Déjà du point de vue purement spéculatif il y avait entre la géométrie d’Euclide et la géométrie de Riemann cette différence qu’avec la première l’antinomie du fini et de l’infini paraissait inévitable, tandis que la seconde permet de reconnaître l’illimitation de l’espace, et de ne pas en conclure pourtant qu’il soit infini : « Au contraire, sans tomber en contradiction avec notre intuition, qui ne s’applique jamais qu’à une portion finie de l’espace, on pourrait concevoir que l’espace fût fini et fermé sur lui-même ; la géométrie de notre espace se présenterait alors comme la géométrie sur une sphère à trois dimensions placée dans une multiplicité à quatre dimensions[2]. » Autrement dit, la géométrie de Riemann insère un moyen terme entre l’infini brut, qui soulève la difficulté insurmontable de remplir l’espace d’un contenu adéquat, et le fini brut qui nous imposerait la représentation d’une frontière déterminée à l’intérieur de laquelle il y aurait l’espace, au delà de laquelle ne subsisterait plus rien, même pas l’abstraction du vide. Ce moyen terme, Descartes l’avait cherché vainement ; il n’avait réussi qu’à le baptiser, lorsqu’il avait déclaré que « l’étendue du monde est indéfinie ». (Principes, II, 21.) L’espace riemannien n’est ni fini ni infini, il est fermé sur soi : « On n’en trouvera jamais le bout, mais on pourra en faire le tour[3]. »
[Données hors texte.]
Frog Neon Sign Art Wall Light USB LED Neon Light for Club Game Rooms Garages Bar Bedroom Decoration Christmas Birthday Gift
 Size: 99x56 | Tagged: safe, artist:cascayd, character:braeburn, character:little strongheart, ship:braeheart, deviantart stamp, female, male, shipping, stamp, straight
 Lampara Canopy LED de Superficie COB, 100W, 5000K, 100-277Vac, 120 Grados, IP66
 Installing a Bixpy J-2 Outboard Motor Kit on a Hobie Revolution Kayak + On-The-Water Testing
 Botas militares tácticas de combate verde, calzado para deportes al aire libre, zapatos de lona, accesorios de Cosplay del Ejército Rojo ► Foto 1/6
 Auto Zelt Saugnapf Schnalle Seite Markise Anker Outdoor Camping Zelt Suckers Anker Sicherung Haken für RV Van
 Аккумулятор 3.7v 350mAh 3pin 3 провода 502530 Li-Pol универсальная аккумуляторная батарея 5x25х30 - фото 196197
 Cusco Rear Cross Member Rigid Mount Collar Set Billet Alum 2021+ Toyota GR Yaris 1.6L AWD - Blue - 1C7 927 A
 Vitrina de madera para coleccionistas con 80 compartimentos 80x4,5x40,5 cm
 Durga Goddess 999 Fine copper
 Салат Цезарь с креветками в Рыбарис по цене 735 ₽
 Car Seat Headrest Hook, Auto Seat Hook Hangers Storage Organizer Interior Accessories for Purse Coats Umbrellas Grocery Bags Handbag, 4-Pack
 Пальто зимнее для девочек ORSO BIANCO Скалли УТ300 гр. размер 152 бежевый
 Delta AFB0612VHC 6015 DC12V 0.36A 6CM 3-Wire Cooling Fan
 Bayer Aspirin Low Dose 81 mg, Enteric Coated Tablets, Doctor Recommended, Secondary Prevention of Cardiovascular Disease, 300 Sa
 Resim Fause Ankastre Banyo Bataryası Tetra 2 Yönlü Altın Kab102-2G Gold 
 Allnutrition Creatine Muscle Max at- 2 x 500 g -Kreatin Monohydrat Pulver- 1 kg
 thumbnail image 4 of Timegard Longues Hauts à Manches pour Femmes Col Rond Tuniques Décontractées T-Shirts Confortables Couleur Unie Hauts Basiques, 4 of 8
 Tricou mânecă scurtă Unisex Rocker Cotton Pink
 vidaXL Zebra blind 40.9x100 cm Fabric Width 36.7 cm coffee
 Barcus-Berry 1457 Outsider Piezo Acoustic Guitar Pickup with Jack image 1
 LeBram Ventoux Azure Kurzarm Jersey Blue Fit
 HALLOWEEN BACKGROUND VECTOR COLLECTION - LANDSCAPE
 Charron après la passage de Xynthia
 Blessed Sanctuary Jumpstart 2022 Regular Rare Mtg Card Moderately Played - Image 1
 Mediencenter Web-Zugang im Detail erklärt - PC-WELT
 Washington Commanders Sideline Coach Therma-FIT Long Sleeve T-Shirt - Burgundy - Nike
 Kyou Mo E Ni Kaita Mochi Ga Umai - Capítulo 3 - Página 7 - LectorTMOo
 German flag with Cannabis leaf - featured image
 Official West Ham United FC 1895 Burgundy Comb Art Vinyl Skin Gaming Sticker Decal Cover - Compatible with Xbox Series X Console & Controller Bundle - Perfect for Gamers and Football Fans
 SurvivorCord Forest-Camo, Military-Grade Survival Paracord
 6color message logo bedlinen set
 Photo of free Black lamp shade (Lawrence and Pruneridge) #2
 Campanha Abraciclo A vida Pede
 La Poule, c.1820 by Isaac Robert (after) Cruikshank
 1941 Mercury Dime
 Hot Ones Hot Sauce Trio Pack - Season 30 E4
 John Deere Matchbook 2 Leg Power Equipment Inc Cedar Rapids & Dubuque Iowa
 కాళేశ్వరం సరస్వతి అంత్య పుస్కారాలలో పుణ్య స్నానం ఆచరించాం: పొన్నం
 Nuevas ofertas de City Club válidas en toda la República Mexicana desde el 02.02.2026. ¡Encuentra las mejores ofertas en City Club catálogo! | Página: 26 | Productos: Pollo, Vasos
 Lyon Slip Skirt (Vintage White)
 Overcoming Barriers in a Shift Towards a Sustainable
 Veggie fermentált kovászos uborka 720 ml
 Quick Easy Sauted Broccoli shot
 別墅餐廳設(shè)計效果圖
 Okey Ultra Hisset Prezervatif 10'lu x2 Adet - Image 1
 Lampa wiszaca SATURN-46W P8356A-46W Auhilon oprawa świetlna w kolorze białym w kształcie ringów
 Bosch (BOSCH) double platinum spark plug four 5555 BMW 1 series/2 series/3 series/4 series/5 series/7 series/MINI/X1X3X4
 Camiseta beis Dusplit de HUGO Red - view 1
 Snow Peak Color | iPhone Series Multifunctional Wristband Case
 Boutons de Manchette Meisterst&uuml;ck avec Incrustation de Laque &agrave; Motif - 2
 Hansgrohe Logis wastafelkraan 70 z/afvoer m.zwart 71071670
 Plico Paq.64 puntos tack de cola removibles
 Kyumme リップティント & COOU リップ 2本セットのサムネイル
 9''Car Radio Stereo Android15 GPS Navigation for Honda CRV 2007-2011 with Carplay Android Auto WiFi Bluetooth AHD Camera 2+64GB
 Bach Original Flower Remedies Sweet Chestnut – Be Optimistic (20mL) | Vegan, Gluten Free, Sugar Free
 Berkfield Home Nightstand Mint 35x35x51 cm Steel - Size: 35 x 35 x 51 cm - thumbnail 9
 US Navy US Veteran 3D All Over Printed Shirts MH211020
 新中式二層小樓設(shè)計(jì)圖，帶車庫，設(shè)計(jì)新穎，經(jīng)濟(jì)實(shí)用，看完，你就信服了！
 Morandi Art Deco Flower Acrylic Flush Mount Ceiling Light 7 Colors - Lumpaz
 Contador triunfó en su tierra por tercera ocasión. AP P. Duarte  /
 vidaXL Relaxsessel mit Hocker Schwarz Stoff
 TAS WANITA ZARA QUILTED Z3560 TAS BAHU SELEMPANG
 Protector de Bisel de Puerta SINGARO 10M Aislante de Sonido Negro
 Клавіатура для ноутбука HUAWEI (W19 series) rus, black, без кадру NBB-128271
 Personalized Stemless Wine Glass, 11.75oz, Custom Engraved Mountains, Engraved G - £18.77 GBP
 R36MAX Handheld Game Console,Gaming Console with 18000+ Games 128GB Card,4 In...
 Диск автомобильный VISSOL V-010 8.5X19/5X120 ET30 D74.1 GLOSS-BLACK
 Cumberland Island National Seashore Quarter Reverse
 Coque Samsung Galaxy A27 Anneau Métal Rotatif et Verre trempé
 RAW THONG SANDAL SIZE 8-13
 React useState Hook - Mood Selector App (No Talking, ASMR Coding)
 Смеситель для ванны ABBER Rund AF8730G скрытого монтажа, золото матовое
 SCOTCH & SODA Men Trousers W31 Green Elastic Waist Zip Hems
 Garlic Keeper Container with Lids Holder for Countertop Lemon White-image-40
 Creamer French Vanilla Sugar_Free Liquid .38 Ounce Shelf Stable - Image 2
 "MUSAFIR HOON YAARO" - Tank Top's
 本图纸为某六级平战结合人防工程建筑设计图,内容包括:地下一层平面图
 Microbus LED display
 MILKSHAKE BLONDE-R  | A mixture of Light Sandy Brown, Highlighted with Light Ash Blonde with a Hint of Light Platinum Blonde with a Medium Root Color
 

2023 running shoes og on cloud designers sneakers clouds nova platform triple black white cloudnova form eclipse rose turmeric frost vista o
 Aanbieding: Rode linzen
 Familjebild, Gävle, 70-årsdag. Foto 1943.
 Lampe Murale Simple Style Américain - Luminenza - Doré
Ainsi, la découverte riemannienne fournissait, sinon une illustration pour l’imagination proprement spatiale, du moins une expression d’ordre géométrique pour la solution de la

  1. Les Étapes de la philosophie mathématique, 1912, § 326, p. 519.
  2. Félix Klein, Sur la géométrie dite non euclidienne, Math. Annalen, t. IV, trad. Laugel, p. 5.
  3. Poincaré, La Science et l’Hypothèse, p. 53.